Todos tenemos un amigo o un familiar que sostiene la febril creencia de que las empresas —las privadas, especialmente, pues a ellas orienta siempre su aversión— caen del cielo. Las empresas privadas caen del cielo, sostiene nuestro amigo o familiar, ese entrañable pistacho cerrado, como las alegres y tintineantes gotas de lluvia de una mañana de abril. Para nuestro amigo o familiar, adorable nuez podrida, nadie existe más allá de los cimientos de una empresa, tras el rótulo reluciente en la fachada, nadie pasa las noches en vela cuadrando números en la penumbra de una oficina, nadie se devana los sesos las tardes de domingo. La empresa privada cae del cielo azul o brota en el campo, entre felices tomateras. Para nuestro amigo o familiar, oveja nesciente de oscuro pelaje, la empresa privada es un ente abstracto y paranormal que da cabida, por decreto universal, por hermética imposición ancestral, a cualquier persona en edad de trabajar, y cuyas flexibles y amistosas exigencias laborales deben procurar, ante todo y con celoso mimo, el bienestar y la sonrisa del empleado.
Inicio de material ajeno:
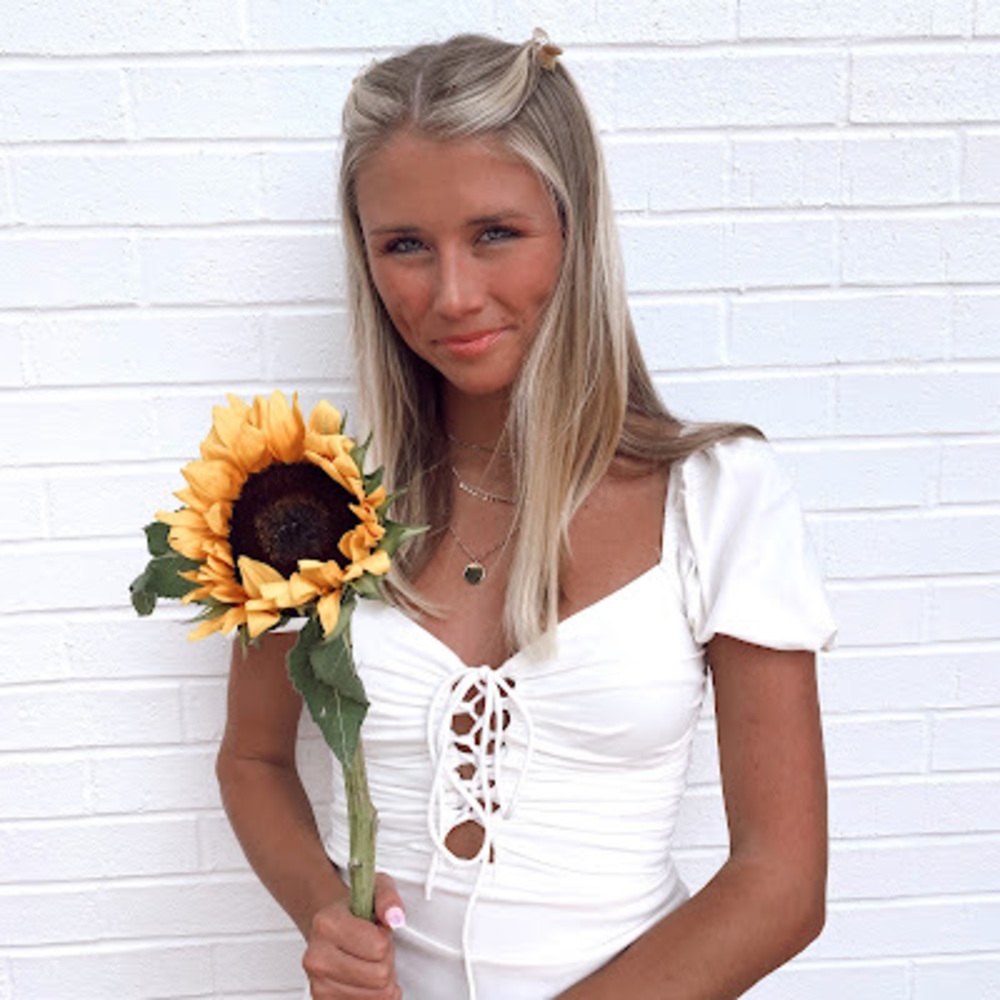 Meet your Posher, Shelly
Acosados por los problemas

También tenemos todos, en mayor o menor proporción, en la cara siniestra de la luna, un familiar o un amigo incapaz de concentrarse en la más ligera charla, frente al café, porque se siente acosado permanentemente por los problemas, porque el quebradero de cabeza que suscita gestionar y mantener a flote su negocio lo abstrae de cualquier encuentro cordial y le ennegrece la expresión del rostro. Nos conmueve, en la mayoría de los casos, la soledad y el desamparo en que batallan esas brillantes personas con iniciativa, esas almas valientes e insustituibles que apuestan su ilusión y su capital, esos emprendedores que sacrifican el descanso y la calma de las noches voluntariamente y, en ocasiones, su futuro.

Pero poco importa el desasosiego de estos audaces motores de la economía a determinadas cúpulas gubernamentales. A algunas singulares cúpulas. A las que comparten las teorías fabulosas de nuestro preciado amigo el pistacho enfurruñado, la ociosa oveja desgreñada que tanto detesta el esfuerzo y que con entusiasmado ánimo se abraza a cualquier ideología que le resulte simpática. Verbigracia, la del "lo mío pa mí". Poco importa el sufrimiento y el calvario de esos hombres y mujeres, pilares y estandartes de la saneada economía de un país, a ciertas cúpulas gubernamentales que no hallan el tiempo ni la dignidad de reunirse con ellos para consultar la adecuada estrategia a seguir. Poco importa y poco les araña el sueño.

Las empresas caen del cielo, afirma el necio, convencido en su ciega terquedad de que mañana florecerán, como por arte de magia, como sangrientas amapolas, más puestos de trabajo.